The Reeds Spring Police Department has welcomed a new furry addition to their program.

Animal Farm Foundation and Sector K9’s latest graduating class of Weapons and Drugs Detection Dogs included Chief Tracy West and K9 Bravo from the Reeds Spring Police Department.

“Being a small department, (K9 Bravo) and my other dog (K9 Gina) are the only two K9s for the entire county,” said Chief Tracy West for the Reeds Spring Police Department. 

“We’re able to help the county out and other municipalities with narcotics. My other dog (Gina), she’s a little older, but she does narcotics and tracking as well. Bravo, the new dog, we just have him for narcotics and to help out with the county and everybody else to try to get drugs out of Stone County. They’re a very giant tool that we have at our disposal.”

According to a press release, non-purebred canines are selected from shelters based on a rigorous screening process that determines their ability to do detection work. Animal Farm Foundation is able to push for public safety by offering skilled K-9s at no cost. As a result, police departments save the approximate $20,000 it takes to obtain a K9 and frees up funds for other services that help benefit the community’s safety.

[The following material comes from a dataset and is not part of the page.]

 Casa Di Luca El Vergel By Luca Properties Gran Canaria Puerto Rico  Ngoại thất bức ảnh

“Animal Farm is basically an advocacy group for dogs that are labeled pit bulls in shelters,” said Animal Farm Foundation’s Special Programs Manager Erich Steffensen. “We advocate for the dogs that are discriminated against, and also for people that are discriminated against for having that type of dog or dogs that are labeled like that. Our philosophy is that all dogs are individuals, and we like to evaluate each dog as an individual, not just as a breed or as a general stereotype.”

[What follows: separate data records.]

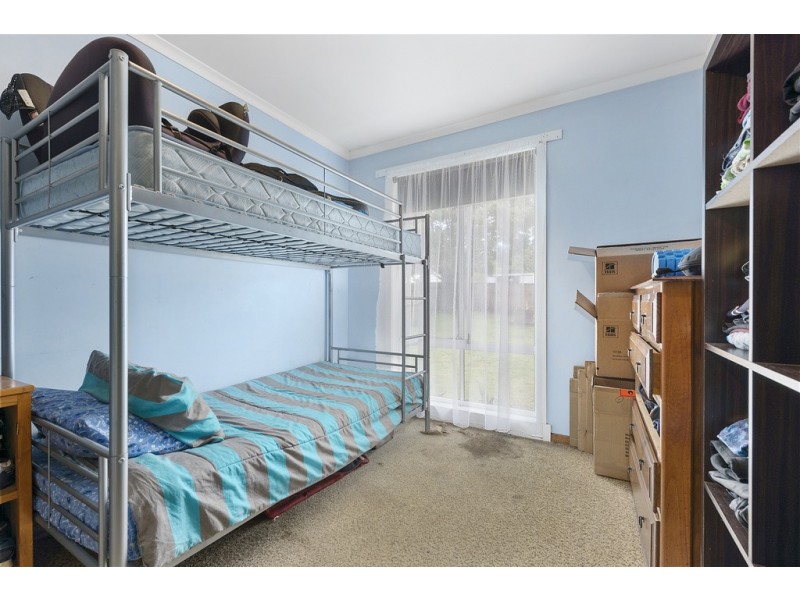 36 Aleeka Court, Havenview TAS 7320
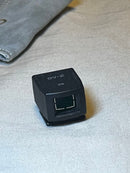 Ricoh Finder Eye Cup Gv-2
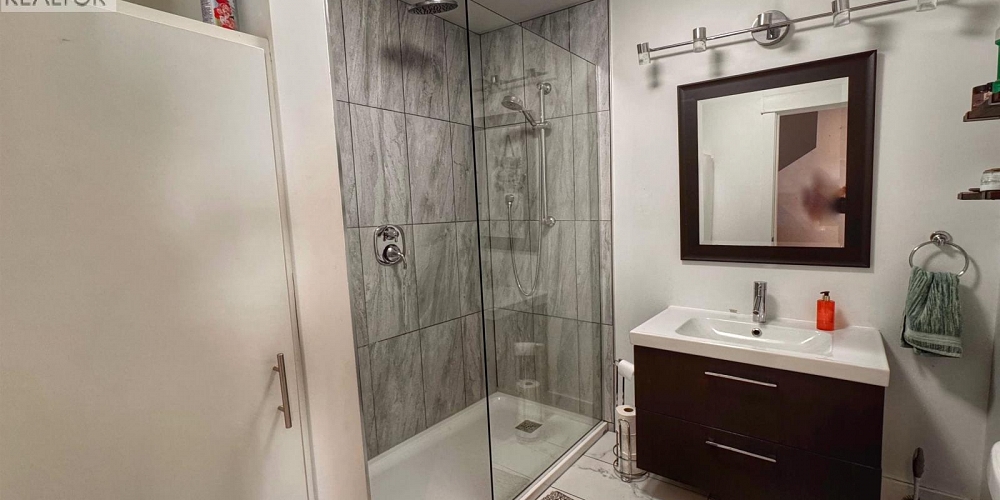 419 E 6TH AVENUE Prince Rupert Photo 13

According to the release, these high-potential dogs are sent to Sector K9 for an intensive four- to eight-week training program, paid for entirely by Animal Farm Foundation. 

The dogs are trained to detect narcotics, opiates and guns. Some also learn special skills in tracking. The dog is then matched with law enforcement officers and placed in communities and schools to reduce crime and improve safety.

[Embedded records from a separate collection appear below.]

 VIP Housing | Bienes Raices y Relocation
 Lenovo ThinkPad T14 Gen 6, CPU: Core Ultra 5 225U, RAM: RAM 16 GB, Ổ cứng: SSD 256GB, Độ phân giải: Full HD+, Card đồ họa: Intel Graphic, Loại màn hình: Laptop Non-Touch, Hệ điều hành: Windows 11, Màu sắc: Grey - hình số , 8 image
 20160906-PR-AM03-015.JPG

“The main thing we would like to highlight about the program is that you don’t need to have a purebred or a purpose-bred dog to do the work,” said Steffensen. “We’re not saying that every pit bull or every shelter dog can do it, ‘cause they can’t, but we’re saying if you look at them as individuals, you can pick the ones out that can, and there’s no reason a shelter dog can’t do it.”

Both K9s with the Reeds Spring Police Department have been donated through this program, and according to Chief West, the experience has been very rewarding.

“I’ve been a cop for 19 years, the last three have been with a K9, and I honestly don’t think I could do this job again by myself,” said Chief West. “You have a bond with the dog, it becomes family and partner. When you’re in law enforcement it’s just you out there by yourself, doing what you have to do and doing the job. It’s just a good feeling to have somebody in the car with you.”

So everyone, meet K9 Bravo.

“K9 Bravo, he’s a year old, he’s got a lot to learn, but we’re going to do our job and get it taken care of,” said Chief West. “And for people to understand that, granted the stereotype ‘pit bull’, there is no such thing as a specific breed like that. A dog is a dog no matter what, and if it can do the job then let it do the job. I think we have three in Missouri now that are from the rescue organization, and these dogs rock it.”

There is always a stigma or a stereotype that is used when it comes to the phrase ‘pit bull’ or ‘K9’, but some are looking to crush the stigma behind the labels.

According to Steffensen, K9 Bravo came from Miami Dade in Florida, which has BSL (breed specific legislation) where dogs that look like Bravo get put to sleep based off of how they look.

Chief West mentions the stigma of people saying that German Shepherds or Malinois are the perfect K9 dog.

“You have someone going out and a department spending $20,000 to $40,000 on a dog, where you (could) have a rescue dog that you have given a better life, a new life and a purpose,” said Chief West. “I’m hoping that at some point that will break the stigma that only German Shepherds and Malinois can do this job because any dog with a drive can do a job, you just have to find out what the drive is for that dog.”